Dataset extract:
============================================================
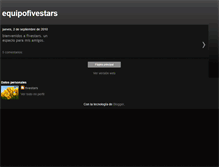 Tablet Screenshot of equipofivestars.blogspot.com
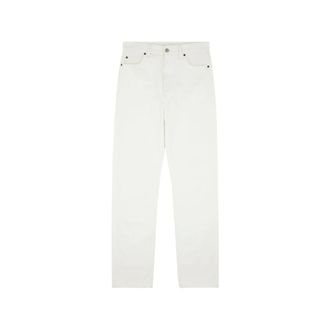 Maison Margiela Straight Jeans, male, White, Size: W31 Cotton Canvas Jeans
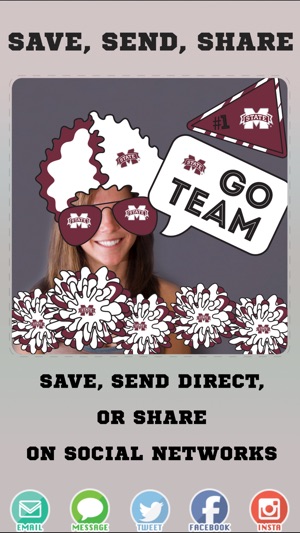 Mississippi St Bulldogs PLUS Selfie Stickers(圖4)-速報App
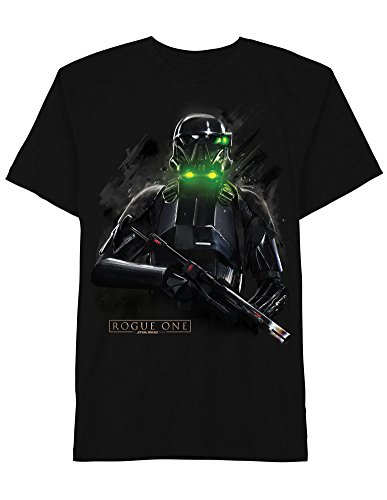 Star Wars Rogue One Green Death Black Adult T-Shirt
============================================================
What to do:
All that the answer may contain is the exact text of the lines from the one with "Maison Margiela Straight" through the last line of the material, pictures excluded.

Task result:
 Maison Margiela Straight Jeans, male, White, Size: W31 Cotton Canvas Jeans
 Mississippi St Bulldogs PLUS Selfie Stickers(圖4)-速報App
 Star Wars Rogue One Green Death Black Adult T-Shirt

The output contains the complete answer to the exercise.